**EXERCISE OBJECTIVE:** Return, word for word, every line starting at the line with "2022 Toyota Tacoma TRD Pro lifted suspension" and ending at the final line of the entries; skip the pictures.

**DATA PROVIDED:**
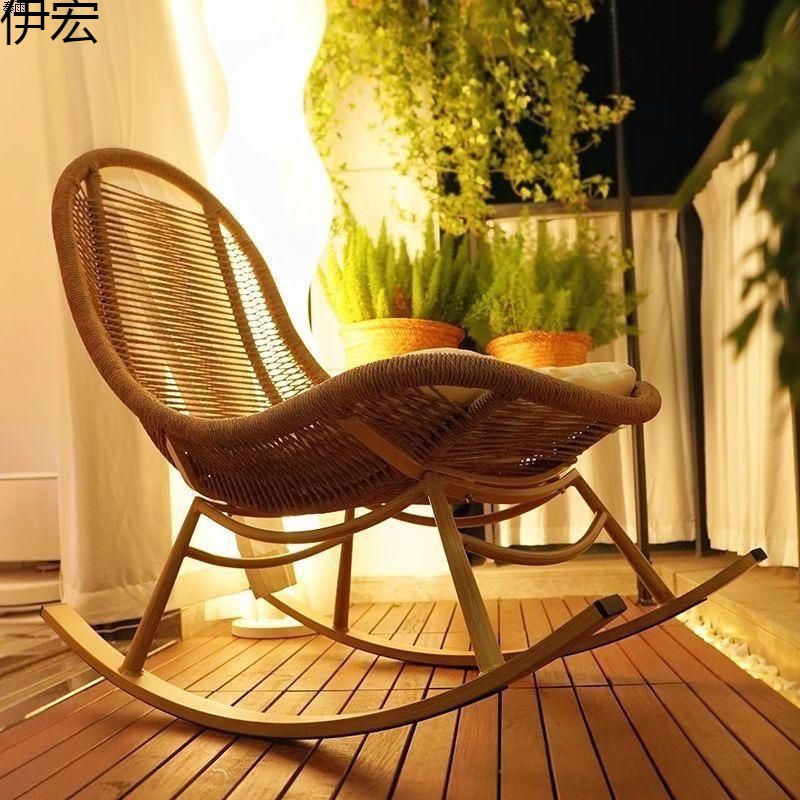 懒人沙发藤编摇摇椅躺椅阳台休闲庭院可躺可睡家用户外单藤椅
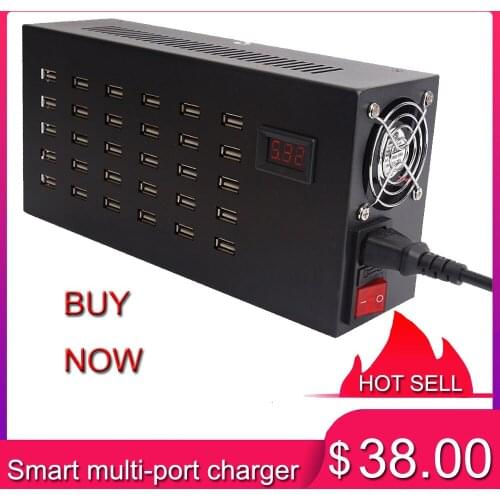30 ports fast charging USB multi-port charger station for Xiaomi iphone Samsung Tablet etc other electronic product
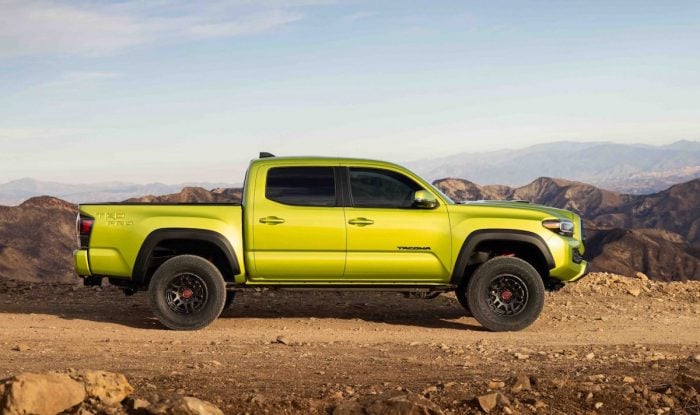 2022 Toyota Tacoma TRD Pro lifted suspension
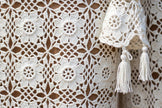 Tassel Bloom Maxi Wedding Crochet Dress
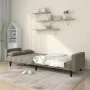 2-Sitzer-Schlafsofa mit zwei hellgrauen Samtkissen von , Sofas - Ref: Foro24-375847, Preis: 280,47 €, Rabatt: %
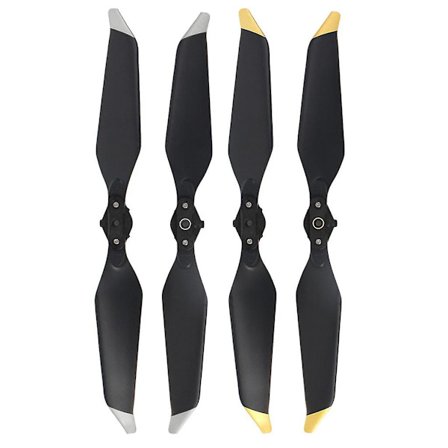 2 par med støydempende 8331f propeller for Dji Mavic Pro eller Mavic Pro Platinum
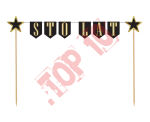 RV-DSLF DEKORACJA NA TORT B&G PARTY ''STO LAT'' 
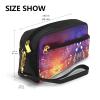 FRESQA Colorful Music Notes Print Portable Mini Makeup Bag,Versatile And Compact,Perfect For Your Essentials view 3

**RESPONSE TO THE TASK:**
 2022 Toyota Tacoma TRD Pro lifted suspension
 Tassel Bloom Maxi Wedding Crochet Dress
 2-Sitzer-Schlafsofa mit zwei hellgrauen Samtkissen von , Sofas - Ref: Foro24-375847, Preis: 280,47 €, Rabatt: %
 2 par med støydempende 8331f propeller for Dji Mavic Pro eller Mavic Pro Platinum
 RV-DSLF DEKORACJA NA TORT B&G PARTY ''STO LAT'' 
 FRESQA Colorful Music Notes Print Portable Mini Makeup Bag,Versatile And Compact,Perfect For Your Essentials view 3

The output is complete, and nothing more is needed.